Уже рассвело. По грязно-серой, мутной реке проплыла первая баржа, в утренней тишине гулко раздались чьи-то шаги, громада Нотр-Дам просвечивала сквозь белесый туман, возвращая нас из мира мрачных воспоминаний в мир сегодняшней реальности и подлинного искусства.

— Надо все-таки согреться, — поеживаясь, сказал Томас. — Не знаю, как ты, но я определенно превратился в сосульку.

«Уголок» уже был закрыт, там шла уборка, зато открылось соседнее бистро, откуда маняще тянуло запахом свежего кофе.

— Отец не был злопамятным, — сказал Томас, когда мы уселись за столик. — Он работал, не думая об обидах. Да и мало кто избежал ударов. До чего уж преданно служила им Лени Рифеншталь, а ее просто вышвырнули, как выжатый лимон.

Несколько лет спустя, в Сан-Ремо, на фестивале авторского кино, я приметил стройную седую даму, предпочитавшую холл просмотровому залу и неизменно погруженную в мысли над чашкой остывшего кофе. Яркая расцветка модных костюмов, которые она меняла три раза на дню, румянец на щеках, высокий лоб без единой морщинки — все это наглядно свидетельствовало о том, что дама отнюдь не утратила вкуса к жизни.
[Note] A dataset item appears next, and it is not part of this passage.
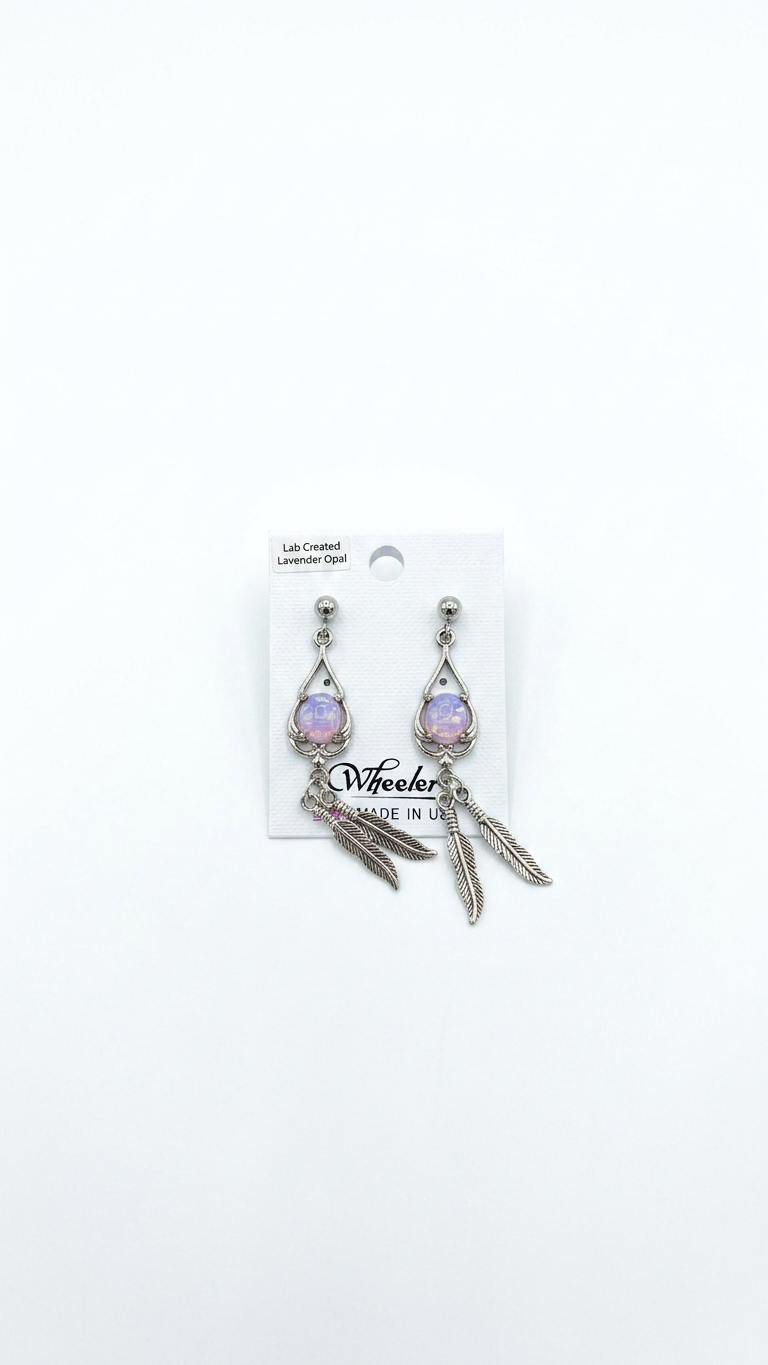 Wheeler Lab Created Lavender Opal Teardrop Feather Dangle Earrings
Иногда она отрывалась от кофе, поворачивала голову, и я на мгновение встречался с ее внимательным взглядом. Запомнились выразительно темные глаза, резко очерченный подбородок, в котором чувствовались надменность и властность.
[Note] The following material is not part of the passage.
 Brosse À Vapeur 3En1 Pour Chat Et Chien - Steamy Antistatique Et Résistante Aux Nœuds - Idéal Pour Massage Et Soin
Она была всегда одна, не помню случая, чтобы рядом с ней оказался кто-то еще. Что побудило ее приехать? Фильмы она не смотрела, в дискуссиях не участвовала, светской жизни сторонилась. И даже избегала весеннего солнца в парке или у моря.

Не было, в сущности, никакой причины, которая заставила бы меня приглядываться к тому, как она молча и одиноко пьет свой кофе. Но что-то было в ней необычное, выделявшее из массы других гостей. На третий или четвертый день я спросил у одного из зарубежных коллег

— Что это за седовласая дама, там, в кресле, у окна?

Он усмехнулся:

— Это не дама… Реликт! Лени Рифеншталь — слыхали такое имя?

Судьба не раз дарила мне необыкновенные встречи. Может быть, поэтому появление очередного реликта не вызвало особого удивления — только острое любопытство…

Я видел всего два, но зато самых знаменитых ее фильма: «Олимпия» и «Триумф воли». Как себя ни готовить, как ни стараться смотреть на экран холодными глазами исследователя, это плохо удается. Давно, казалось, известно, в какой грандиозный спектакль, в какой чудовищный фарс превратили нацисты нюрнбергское сборище — партийный съезд «триумфаторов». Но когда видишь, как разверзаются небеса, как фюрер в образе господа бога сходит с самолета на землю, как в экстазе падают ниц обалделые горожане, как под стоны и вопли маршируют штурмовики с факелами в руках, — когда видишь все это воочию, начинаешь понимать не умозрительно, а эмоционально всю меру трагедии, постигшей немецкий народ и причинившей человечеству столько горя.

Эти документальные ленты создала во славу гитлеризма бывшая спортсменка и танцовщица-босоножка, фаворитка фюрера Лени Рифеншталь, имя которой знали в Германии даже малые дети. Четверть века спустя Лени писала в свое оправдание: «В фильме не было ни одного инсценированного эпизода — все истина». Но кто не знает, что цель, которую автор преследует, слишком часто превращает даже подлинный документ в орудие самой бесчестной игры?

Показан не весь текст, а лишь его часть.